Save for divine intervention, coupled with the ingenuity of some aviation chiefs, it would have been worse.

Generally, the fortune of Nigeria in the Aviation sector in 2010 is better described as 'mixed-grill'.

The accident free achievement is attributable to the uncompromising stance of the Nigerian Civil Aviation Authority (NCAA) culminating in the award of Category One aviation safety status by the United States Federal Aviation Administration's Transportation Security Audit (TSA).

This is by far the biggest achievement recorded by the sector or the country, and one that the NCAA said that it was poised to guard jealously to ensure that the country does not slip back to category two.

The NCAA through commitment by Dr. Harold Demuren led management worked tirelessly to ensure that all the critical elements for the award of the highest safety status were closed.

The implication of the achievement is that Nigerian designated carriers to the U.S. can operate without hindrance as they can operate their equipment, which reduces costs.

The year in review also saw the commissioning of the expensive total radar coverage of Nigeria, otherwise known as TRACON.

With the commissioning of the system, air traffic controllers can now vector air traffic without difficulty. While the nation jubilated over this landmark achievement, air traffic controllers drew the attention of Nigerians to what they described as the danger of inaugurating 'an uncompleted project'.

The Nigerian Airspace Management Agency (NAMA) quickly refuted the claim, describing it as untrue.

Issues of integrating the entire system also cropped up, coupled with allegations of underhand dealing in the entire project. While the claims and counter claims lasted, the whole nation further got confused with the true state of the system.

Spokesman for the agency, Supo Atobatele insisted that there was nothing wrong with the project, stressing that President Goodluck Jonathan would not have been allowed to go ahead with the inauguration of the system if they were not working.

The year equally witnessed so many promises from the Minister of Aviation, Fidelia Njeze on infrastructure upgrade without much to show for it.
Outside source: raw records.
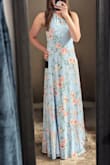 This dress is stunning! It is about 1" too long for me while wearing 1" heels. The rest of the dress fit perfectly. - Samantha M.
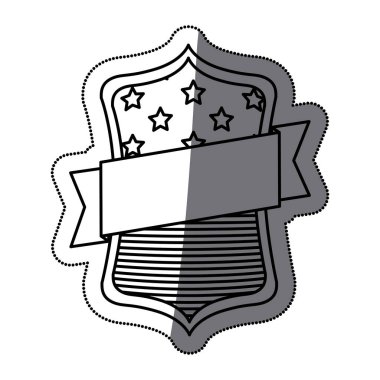 Gövde tasarımı içinde izole ABD bayrağı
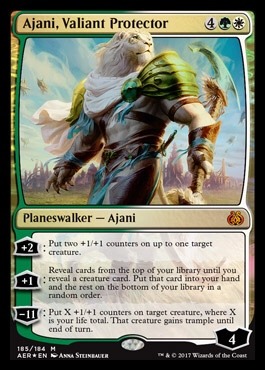 mtg-talk: Spoilers have started rolling in for Aether Revolt, but by bit. Here are the Planeswalkers from the Planeswalker Decks, this time featuring Tezzeret and Ajani.  Remember, we’ll get more powerful versions of these two in the set itself. 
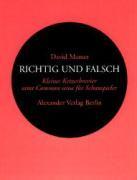 Mamet, D: Richtig u. falsch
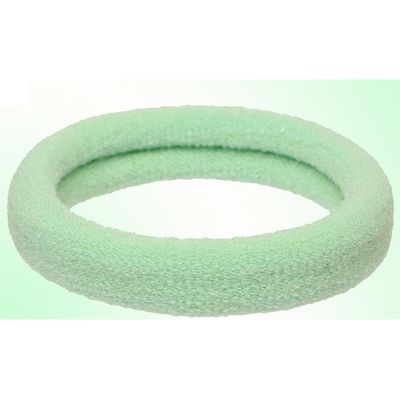 150Pcs Elastic Hair Ties, Nylon Hair Bands, 1.7 Inch in Diameter, Hair Ties for Seamless Hair Accessories for Everyday Use, Suitable for Thick and Curly Hair Ponytail Holder (Light Green)
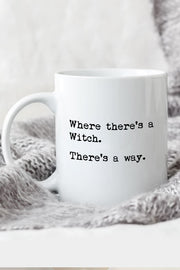 "Witch Way" cozy at home mug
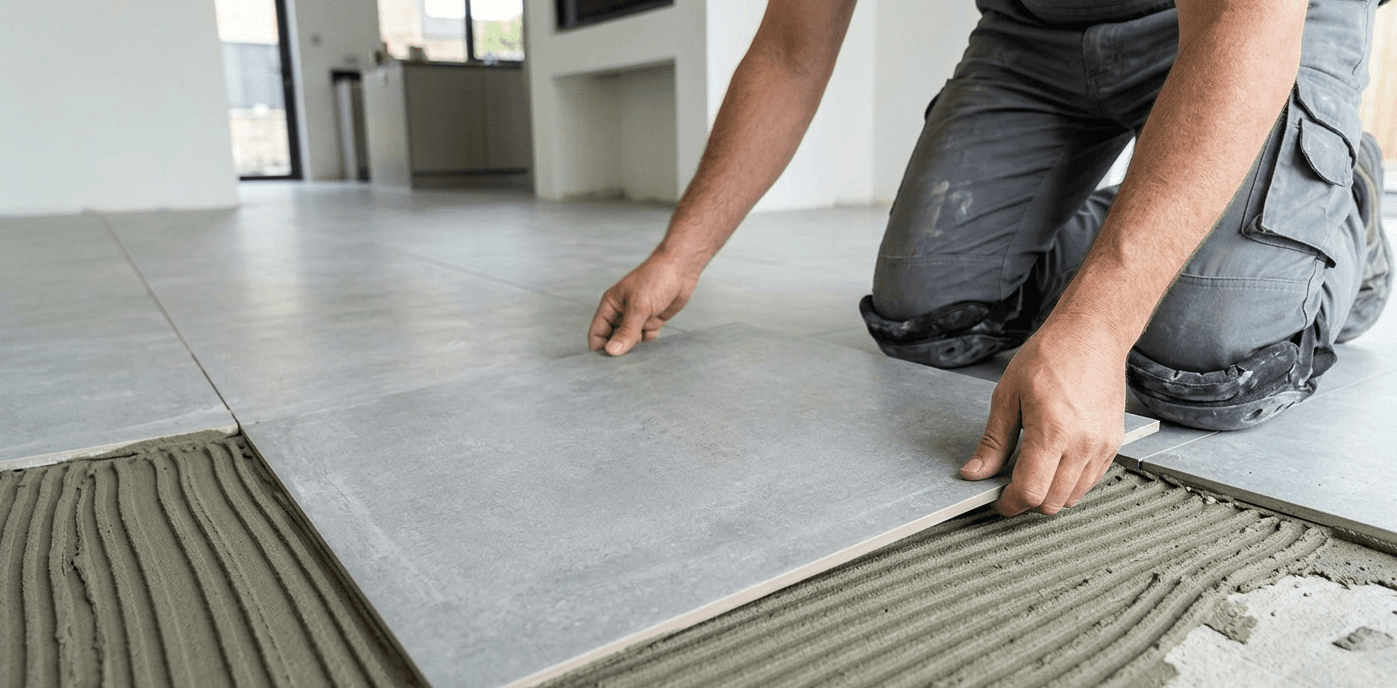 Tiling work by Diamond VIC Tiling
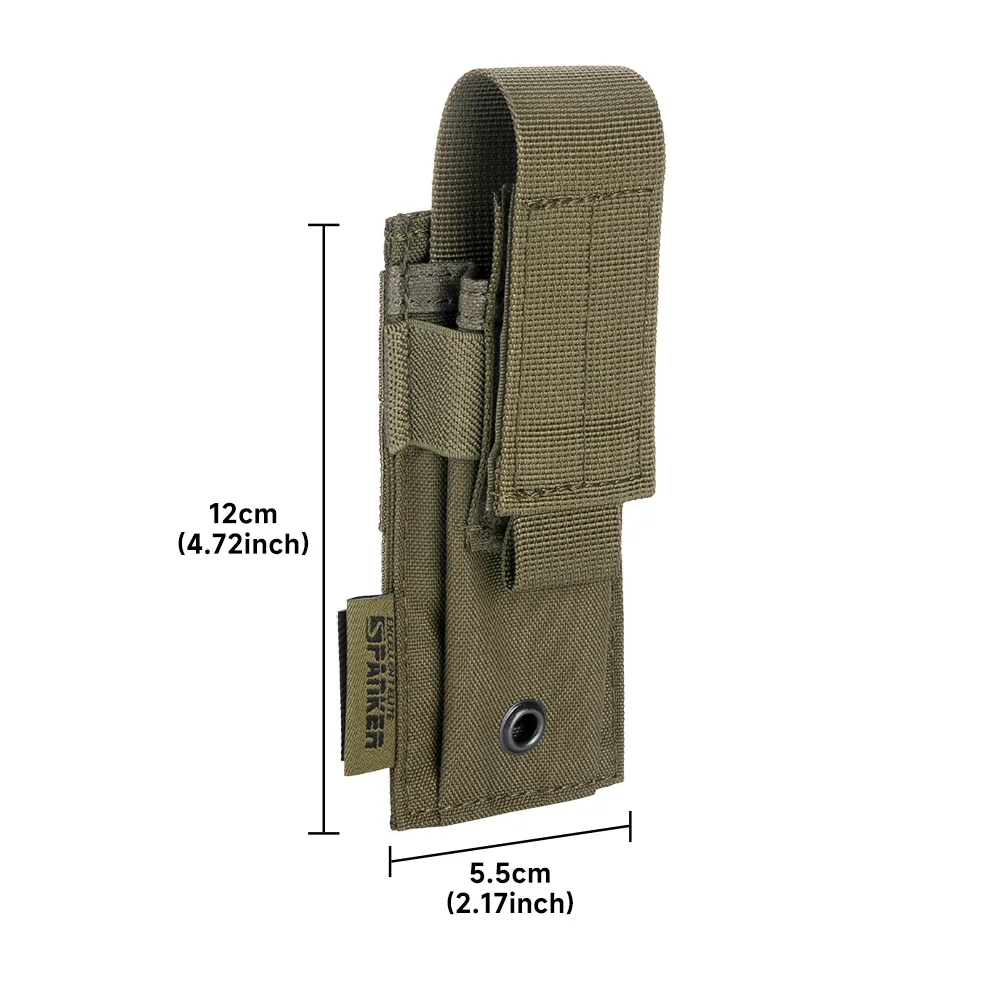 EXCELLENT ELITE SPANKER  Tactical Single Pistol Magazine Pouch M4 AK Molle Belt Dual Mag Bag Paintball Airsoft Magazine Pouch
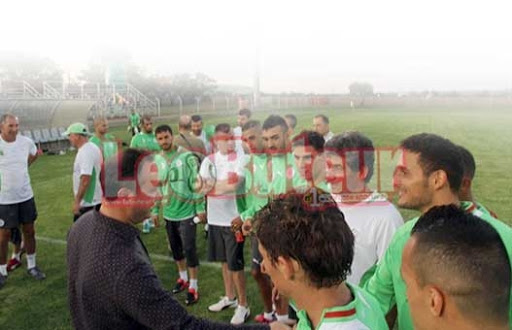 Joseph Ged rend visite aux Verts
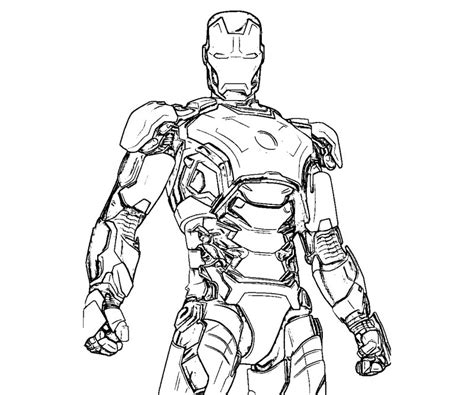 Iron Man Mark 1 Coloring Pages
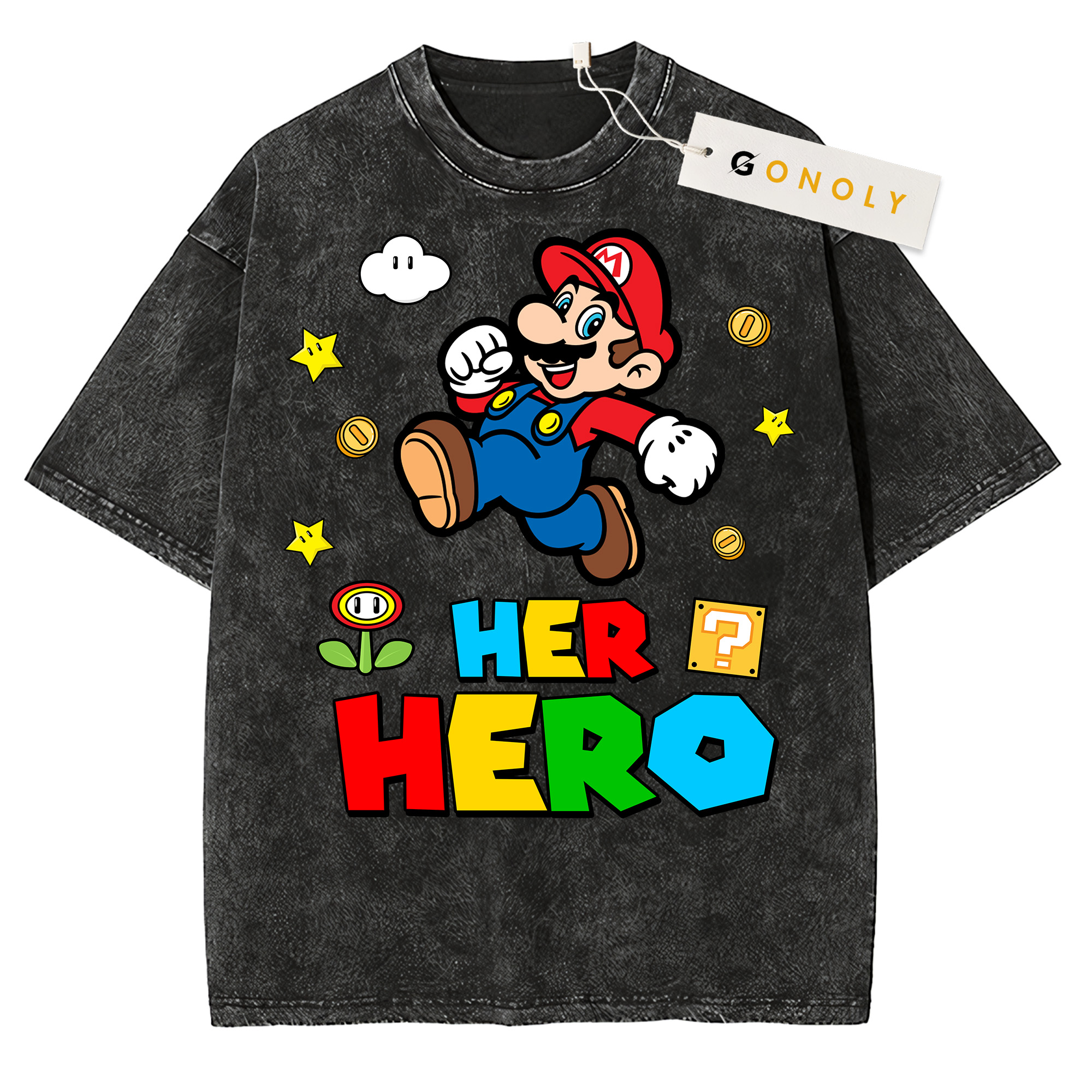 Her Hero Couple Wash Shirt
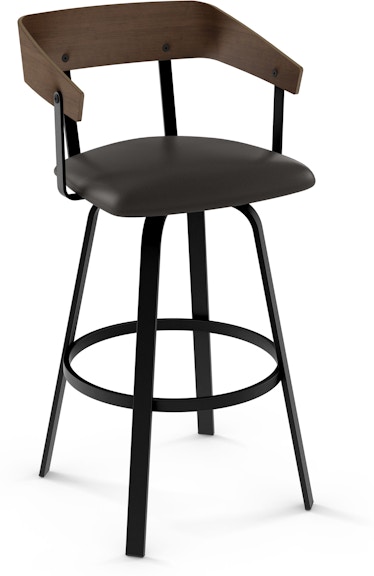 Amisco Carson Bar height swivel stool 41519-30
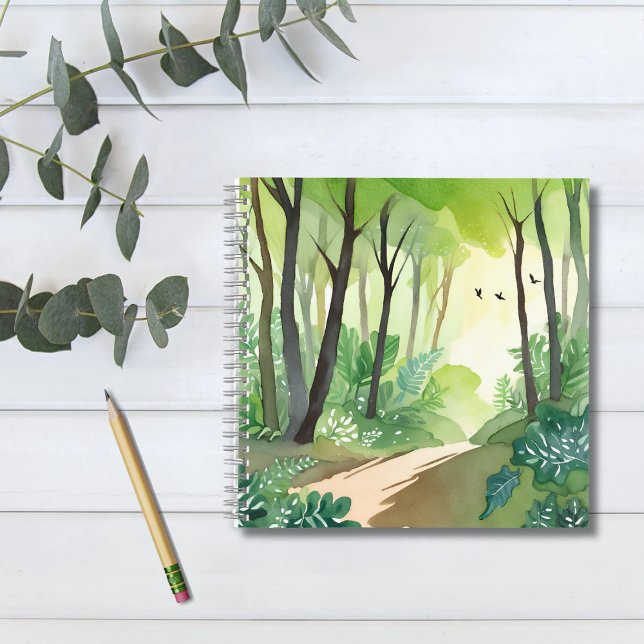 Flourishing Green Forest | Nature Watercolor Notebook (Creator Uploaded)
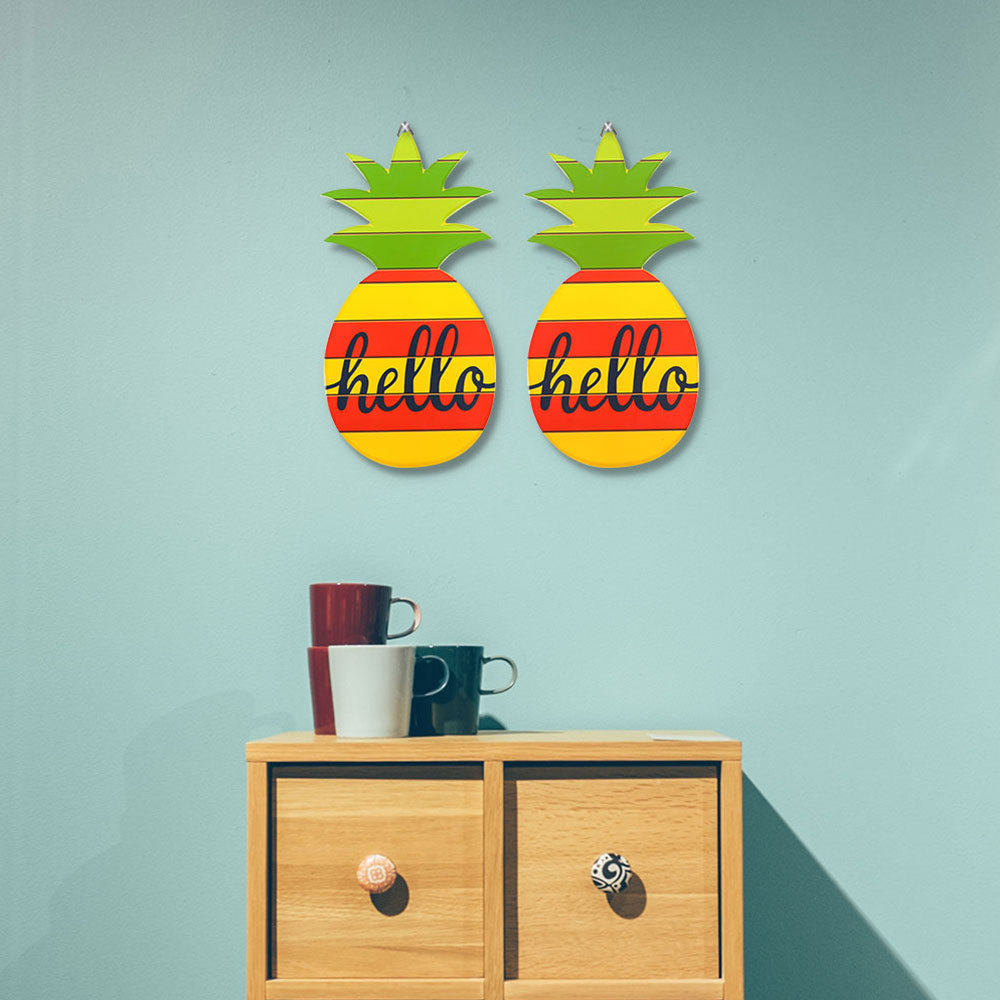 菠萝形状挂板家居客厅墙壁装饰水果木板画木制工艺品挂饰挂件木质,家居饰品,装饰挂牌,淘宝优惠券,粉丝福利购,淘宝优惠卷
Within the short period that Njeze presided over the Ministry of Aviation, the sector has been blessed with appropriation of huge funds, but those funds according to stakeholders had not been judiciously channeled into the right places, rather, what was witnessed in the industry was the hounding of NCAA Director-General, Harold Demuren over the issue of tenure that had been settled by the National Assembly.

Although Njeze inherited most of the decay at the time of her resumption, many are of the opinion that her impact are not felt, a situation that could make her leave like every other Minister of Aviation.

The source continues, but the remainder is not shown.